The elections for a newly constituted and larger county council offer voters some opportunities to recruit fresh competence for a legislative body that will now have four at-large members and five members elected from districts. For the at-large seats, the Democrats offer the best team: incumbents Bruce Adams, Isaiah Leggett and Michael Subin and new nominee Gail Ewing. They are not think-alikes, but can work together well and with expertise and are far more in tune with county affairs than are their four Republican opponents. But this Democratic dominance does not automatically extend to the other contests. On the contrary, there is good reason for voters to break the Democrats' 20-year lock.

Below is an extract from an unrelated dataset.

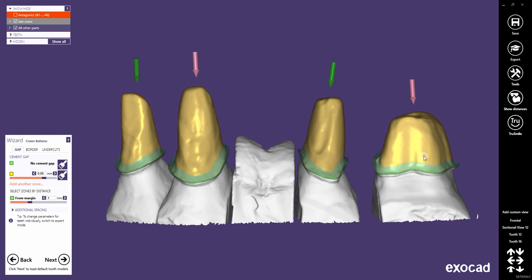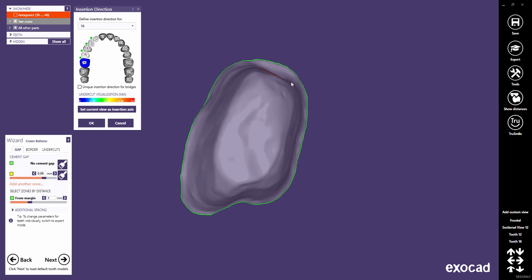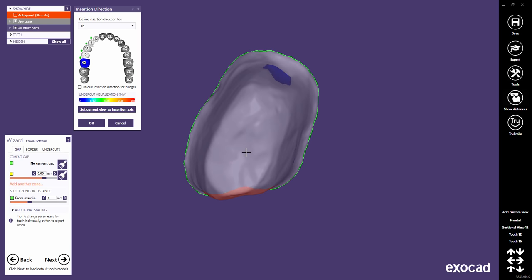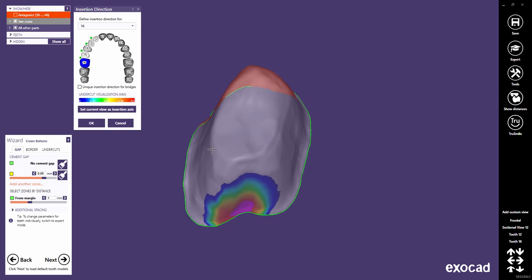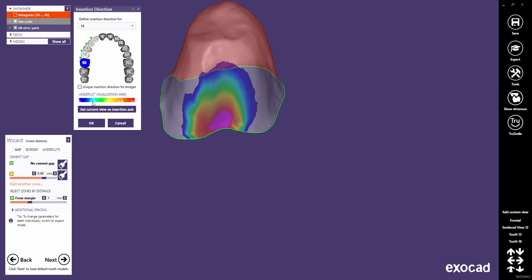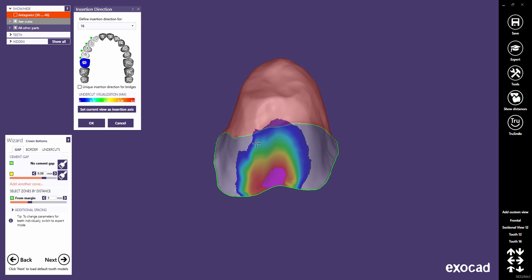Rotate the view so that you look onto the preparation from the desired insertion direction. While rotating, undercuts are marked in red. Then click 'Set Current View as Insertion Axis' to define the view as the new insertion axis. Once the insertion axis has been applied, the depth of the undercuts will be displayed corresponding to the color scale.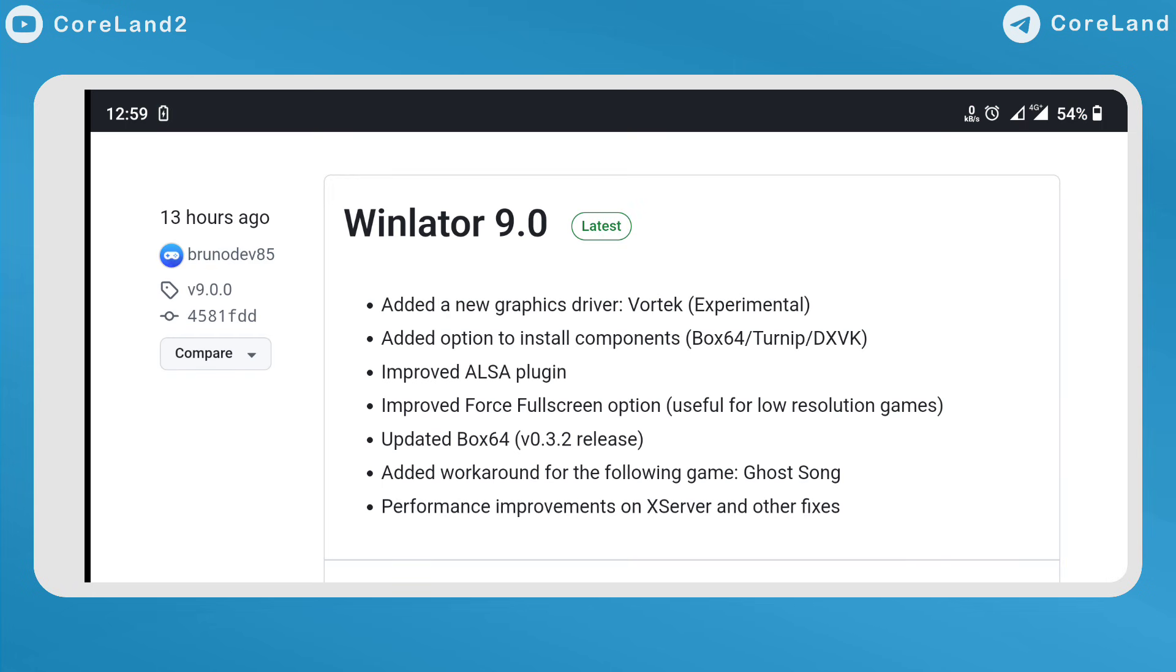Added workaround for the following game: Genshin. Performance improvements on X server and other fixes.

In District 1, Republican Betty Ann Krahnke has run a strong campaign against Democrat Marilyn Goldwater, a former state legislator. Mrs. Goldwater has a solid knowledge of state and federal issues that served her well in Annapolis. But Mrs. Krahnke, a member of the Connie Morella school of Montgomery GOP civic service, has a superior grasp of the county issues and council process, stemming from her intelligent service on the planning board and various school and countywide organizations.

In District 2, another Republican, Nancy Dacek, a close political ally of Mrs. Krahnke, brings to her contest the same kind of valuable local public service experience and advocacy of sensible growth and improved services. Her Democratic opponent is Vickie York, who has never held elective office and who has been unable to articulate her approaches to the sophisticated degree that Mrs. Dacek has.

In District 3, Democratic incumbent William Hanna is challenged by independent Stephen Abrams, a U.S. Agriculture Department administrator and a former Rockville City Council member with considerable local civic experience. Mr. Abrams has shown himself to be a worthy candidate, but he is up against a hard-working lawmaker whose knowledge and broad perspective have made him an especially valuable contributor to council deliberations. Mr. Hanna's expertise on affordable housing, reasonable growth and job development -- along with his independence when it's time to vote -- should not be lost.

In District 4, two well-known figures -- Democrat Marilyn Praisner and Republican Carol Wallace -- are running against each other as they did on opposing school board slates eight years ago. Mrs. Praisner was on the ticket that defeated a team that included the late Marian Greenblatt as well as Mrs. Wallace. Both candidates today offer solid knowledge of the civic landscape and the issues. But Mrs. Praisner's keen sense of political moderation and of the relationships of state, local and federal agencies makes her the best choice.

In District 5, Democrat Derick Berlage, captured his nomination with a grasp of the issues, and he has continued to do homework in this second round. His Republican opponent, Joan Ennis, is a longtime civic activist whose support for a ballot question restricting property tax revenues and whose opposition to a proposed light rail line between Bethesda and Silver Spring should not be vote-getters. Mr. Berlage approaches issues with an open mind, good questions and a useful independence.